Why LeeSar's Program Can Pack Heat Virtually Anywhere

Healthcare Purchasing News - March 2007

by Rick Dana Barlow

As a healthcare supply chain manager, it’s easy to look at the LeeSar Regional Service Center’s new custom pack program, be summarily impressed and then dismiss its applicability to your own operation.

The excuses are obvious.

LeeSar is the supply chain management company that provides distribution and custom pack services to Lee Memorial Healthcare System, Fort Myers, FL, and Sarasota (FL) Memorial Health Care System. Essentially, it’s a huge warehouse and process manufacturing plant that services multiple facilities within two integrated deliver networks. You may work in a small hospital in the middle of rural nowhere or toil in a medical fortress shoehorned into a highly populated and traffic-congested metropolitan area where available real estate for a warehouse is slim to none, if not extraordinarily expensive.

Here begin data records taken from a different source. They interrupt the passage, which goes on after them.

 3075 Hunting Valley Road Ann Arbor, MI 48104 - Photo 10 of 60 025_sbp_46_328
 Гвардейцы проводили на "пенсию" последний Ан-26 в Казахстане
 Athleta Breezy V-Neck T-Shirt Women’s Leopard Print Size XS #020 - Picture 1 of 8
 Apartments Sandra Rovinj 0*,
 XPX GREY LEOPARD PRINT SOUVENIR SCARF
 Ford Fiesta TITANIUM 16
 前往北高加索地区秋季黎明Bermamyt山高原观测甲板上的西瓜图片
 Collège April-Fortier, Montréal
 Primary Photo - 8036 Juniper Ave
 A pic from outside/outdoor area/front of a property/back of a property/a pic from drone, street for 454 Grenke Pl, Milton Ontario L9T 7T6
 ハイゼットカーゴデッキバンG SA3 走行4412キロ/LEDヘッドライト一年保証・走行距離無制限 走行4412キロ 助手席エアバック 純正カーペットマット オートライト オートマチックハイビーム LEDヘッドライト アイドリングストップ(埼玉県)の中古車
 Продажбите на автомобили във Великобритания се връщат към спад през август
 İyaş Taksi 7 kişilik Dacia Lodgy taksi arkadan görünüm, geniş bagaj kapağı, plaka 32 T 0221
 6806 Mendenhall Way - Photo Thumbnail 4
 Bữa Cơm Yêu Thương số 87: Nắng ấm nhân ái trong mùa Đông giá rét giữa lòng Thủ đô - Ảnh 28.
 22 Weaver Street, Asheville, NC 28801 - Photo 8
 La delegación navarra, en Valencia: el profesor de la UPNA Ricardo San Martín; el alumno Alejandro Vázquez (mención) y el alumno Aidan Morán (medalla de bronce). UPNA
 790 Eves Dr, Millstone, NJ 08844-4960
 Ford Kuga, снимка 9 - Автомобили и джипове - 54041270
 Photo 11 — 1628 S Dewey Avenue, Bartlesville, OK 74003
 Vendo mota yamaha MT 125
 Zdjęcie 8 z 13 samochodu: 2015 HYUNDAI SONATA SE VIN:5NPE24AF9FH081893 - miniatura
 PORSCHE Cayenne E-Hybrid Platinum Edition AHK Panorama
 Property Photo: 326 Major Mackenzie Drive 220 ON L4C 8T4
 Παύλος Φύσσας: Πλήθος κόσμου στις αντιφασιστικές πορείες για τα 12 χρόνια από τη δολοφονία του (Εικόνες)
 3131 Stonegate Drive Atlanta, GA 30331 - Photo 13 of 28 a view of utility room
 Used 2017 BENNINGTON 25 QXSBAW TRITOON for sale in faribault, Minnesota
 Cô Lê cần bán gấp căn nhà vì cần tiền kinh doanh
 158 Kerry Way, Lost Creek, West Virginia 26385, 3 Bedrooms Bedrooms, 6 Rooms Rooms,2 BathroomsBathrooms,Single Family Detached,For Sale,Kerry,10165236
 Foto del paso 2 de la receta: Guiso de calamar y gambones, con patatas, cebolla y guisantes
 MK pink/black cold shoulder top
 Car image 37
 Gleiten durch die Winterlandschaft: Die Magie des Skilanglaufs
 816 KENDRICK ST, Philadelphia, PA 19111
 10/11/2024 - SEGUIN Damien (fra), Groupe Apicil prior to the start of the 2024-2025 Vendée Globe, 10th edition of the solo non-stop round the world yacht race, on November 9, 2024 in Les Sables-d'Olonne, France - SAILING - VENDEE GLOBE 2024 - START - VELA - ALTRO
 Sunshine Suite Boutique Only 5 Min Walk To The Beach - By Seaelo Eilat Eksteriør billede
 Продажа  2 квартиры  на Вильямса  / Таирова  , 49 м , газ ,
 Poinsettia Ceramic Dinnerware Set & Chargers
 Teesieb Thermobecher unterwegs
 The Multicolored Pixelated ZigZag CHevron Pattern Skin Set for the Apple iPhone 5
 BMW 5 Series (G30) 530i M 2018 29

LeeSar’s custom pack program has a sizeable dedicated staff, if you consider six full-time  equivalents concentrating on one primary – but clinically important – focus “sizeable.” Your boss already told you that you get what you have and no more – whether it’s two persons or 20.

This is a Bob Simpson project and operation. You’re not Bob Simpson.

No matter, according to Gayle Reynolds, CFO, LeeSar and Cooperative Services of Florida (CSF), and Kelly Duncan, LeeSar custom pack operations manager. Even without a warehouse, additional staff or Bob Simpson (who is LeeSar’s and CSF’s president and CEO), it’s possible for just about any sized facility to replicate at least some aspects of LeeSar’s operation. However, they admitted that having a warehouse, more staff and yes, even Bob Simpson, would be a plus.

“If you can develop a strong relationship with a distributor who can deliver the components at a cost effective price and that are picked in the amounts you need for individual pack runs, then I think it is possible for anyone to duplicate this service,” Reynolds told Healthcare Purchasing News. “Additional staff would probably be necessary, depending upon the size of the organization and the amount of packs they need. Although you can produce these packs in relatively little space you would need the ability to store the finished product.”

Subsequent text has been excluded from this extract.